Each year the weekend after Thanksgiving, I sense an innate urge to risk life, limb and public humiliation by festooning the exterior of our home with several hundred C9 incandescent lights. (I’m still resisting the whole LED craze – also known as “the Devil’s bulbs.”)
My mild-mannered next-door neighbor and I always engage in an unspoken competition to see who can get their Christmas lights up first, but since I have the holiday sleeping habits of an inebriated grizzly bear in mid-hibernation, he consistently wins – after which he undoubtedly enjoys shouting, “Let me know if you need any help up there,” as I cling desperately to the shingles while those little granules clatter in the aluminum rain gutters – portending my likely doom.
A couple of years ago, I actually considered hiring a landscaping company to install my lights for me – and even went so far as to have them come out to give me an estimate.

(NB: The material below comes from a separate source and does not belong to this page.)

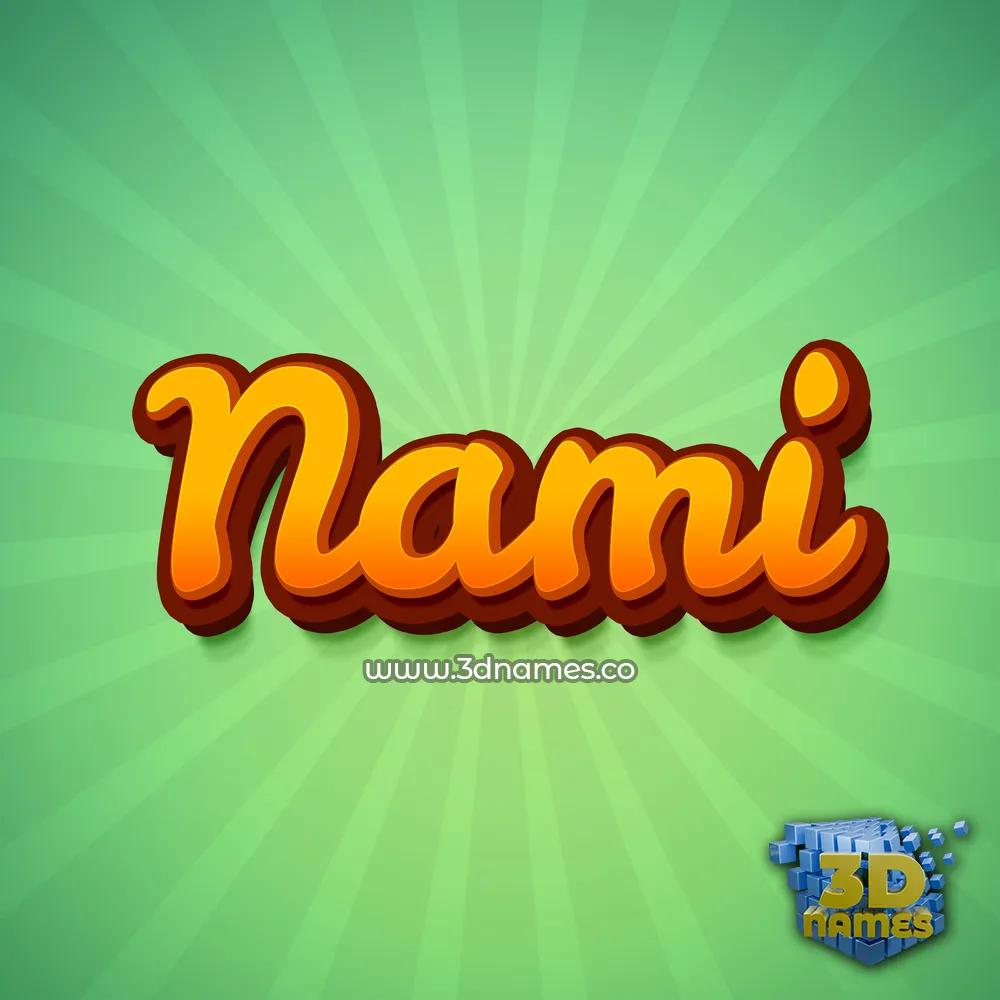 nami in Green Rays style - 3D name wallpaper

Once I regained consciousness, and told them I’d have to sell my plasma and the plasma of my descendants to third and fourth generations to pay for it, I decided that hiring out the job would be cheating, anyway.
This year, I was determined to go for the upset and made the unprecedented play of installing my lights the Saturday before Thanksgiving. My neighbor had already made a pre-emptive move to take the lead by colorfully illuminating a front yard tree. But we both know good and well (at least I do) that the only lights that really “count” are the house lights, and this year, I would strike first.
The actual installation was fairly uneventful as my wife, as usual, held the extension ladder steady and encouraged me not to cry – that everything would be OK. Probably.
Once our lights were up on that first night, they shone forth gloriously, mocking the pre-Thanksgiving darkness next door. But then, as so often happens when I’m gloating in the radiance of a self-righteous victory, disaster struck.
My wife and I were passing our house on our nightly geriatric power stroll and noticed, to my dismay, that our Christmas lights were out – even though I had intentionally left them on to annoy the entire neighborhood. After a bit of frantic investigating, I discovered that a breaker had tripped, so I put my vast knowledge of electrical systems to work and switched it back on, which lasted about half an hour before it tripped again.
At that point, I proceeded as any skilled technician would. I called down elaborate curses on electricity in general, unplugged everything and then plugged it all back in. As I was unplugging an extension cord from an outlet on one of the eaves of the house, I saw sparks, a small flame and smoke. Again, my electrical expertise told me that since I wasn’t roasting wieners, that might not be a good thing.
After two trips to a local hardware store and some intense prayer, I somehow managed to replace the plug without setting the house or my underwear on fire, but by the time I was finished and got my lights back on, my neighbor’s house was already glowing in full Christmasified splendor.
Oh, well. My neighbors are incredibly kind people, and there’s always next year. Anybody have some plasma I could borrow?